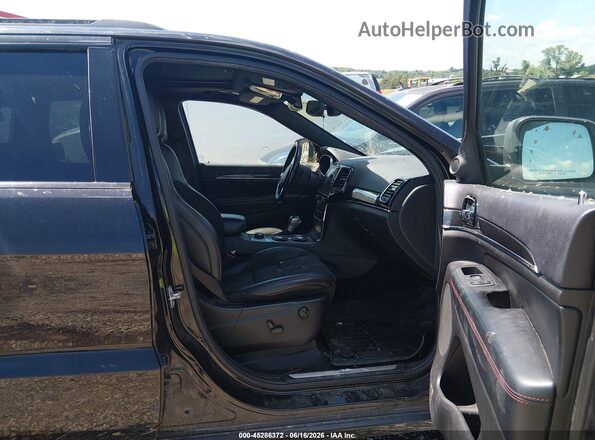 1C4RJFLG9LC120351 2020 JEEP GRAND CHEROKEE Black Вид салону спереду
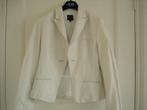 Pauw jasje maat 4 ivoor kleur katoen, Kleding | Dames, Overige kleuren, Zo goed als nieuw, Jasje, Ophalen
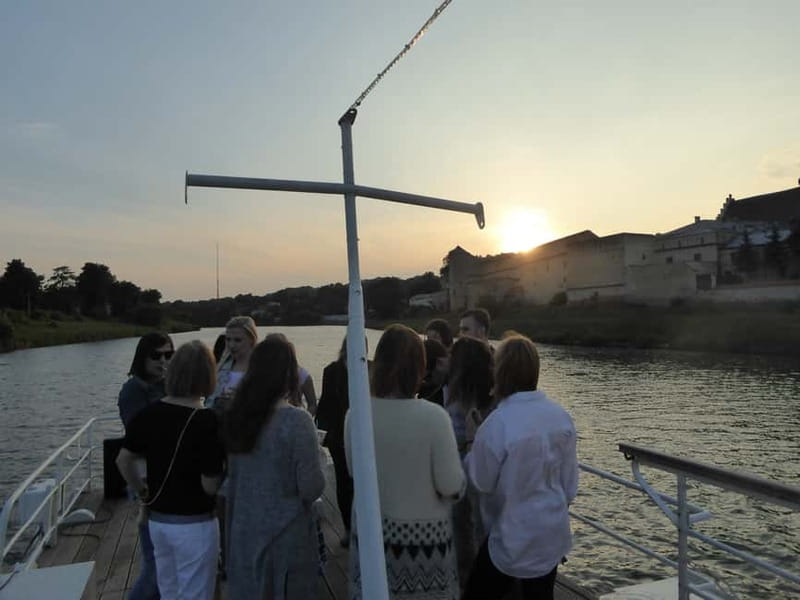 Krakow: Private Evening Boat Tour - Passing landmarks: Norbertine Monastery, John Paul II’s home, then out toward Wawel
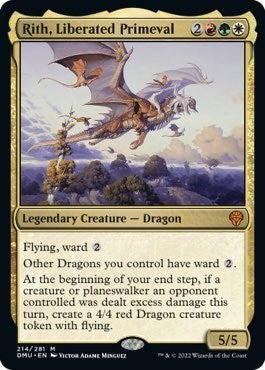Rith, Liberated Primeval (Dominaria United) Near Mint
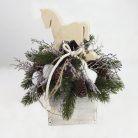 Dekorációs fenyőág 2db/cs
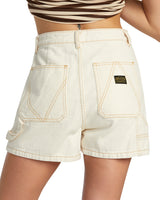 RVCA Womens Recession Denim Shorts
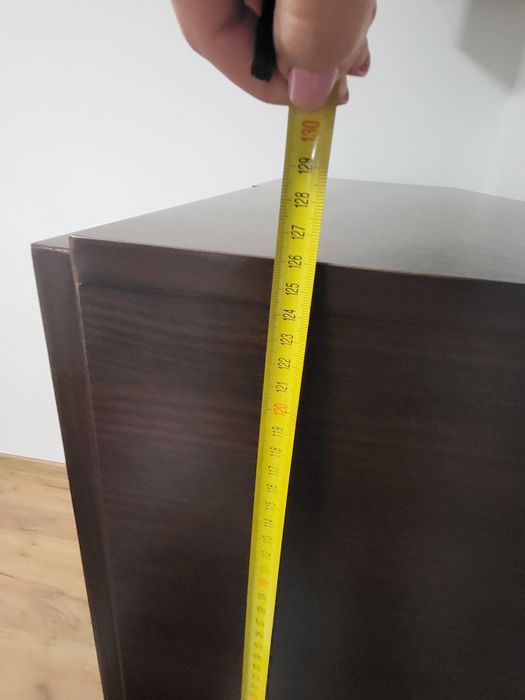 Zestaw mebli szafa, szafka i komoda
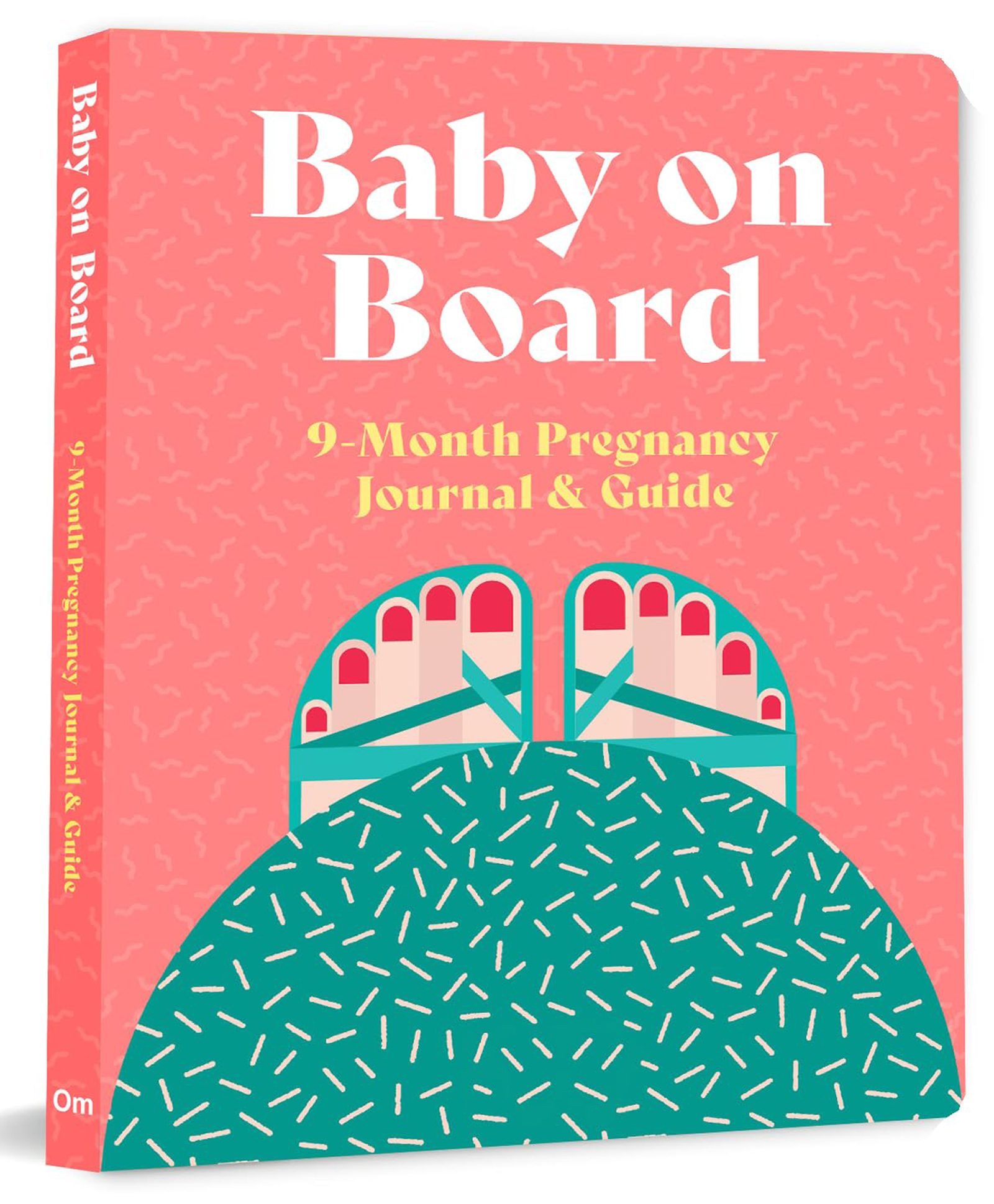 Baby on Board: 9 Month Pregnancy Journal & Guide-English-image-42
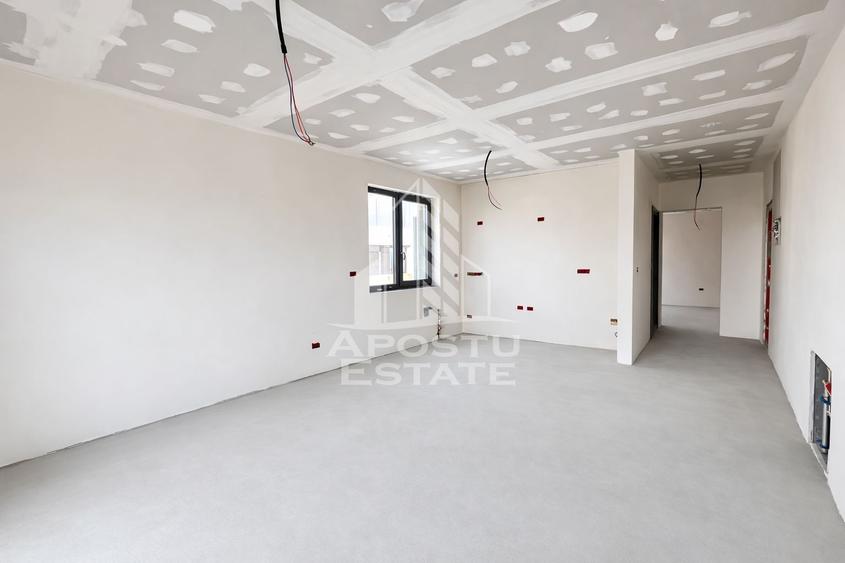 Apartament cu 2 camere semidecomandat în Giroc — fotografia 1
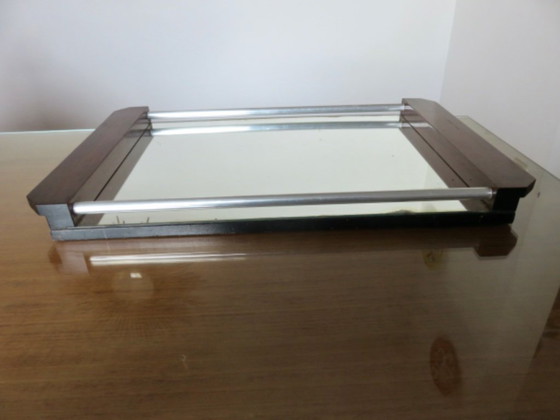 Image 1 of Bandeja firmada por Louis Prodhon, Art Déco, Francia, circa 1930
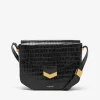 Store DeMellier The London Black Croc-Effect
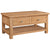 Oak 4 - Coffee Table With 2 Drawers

* **Exercise brief**
Repeat exactly the stretch of the listing above that starts with the line holding "RVCA Womens Recession Denim Shorts" and finishes with the line holding "Image 1 of Bandeja", both included. Skip every picture.

* **Exercise solution**
 RVCA Womens Recession Denim Shorts
 Zestaw mebli szafa, szafka i komoda
 Baby on Board: 9 Month Pregnancy Journal & Guide-English-image-42
 Apartament cu 2 camere semidecomandat în Giroc — fotografia 1
 Image 1 of Bandeja firmada por Louis Prodhon, Art Déco, Francia, circa 1930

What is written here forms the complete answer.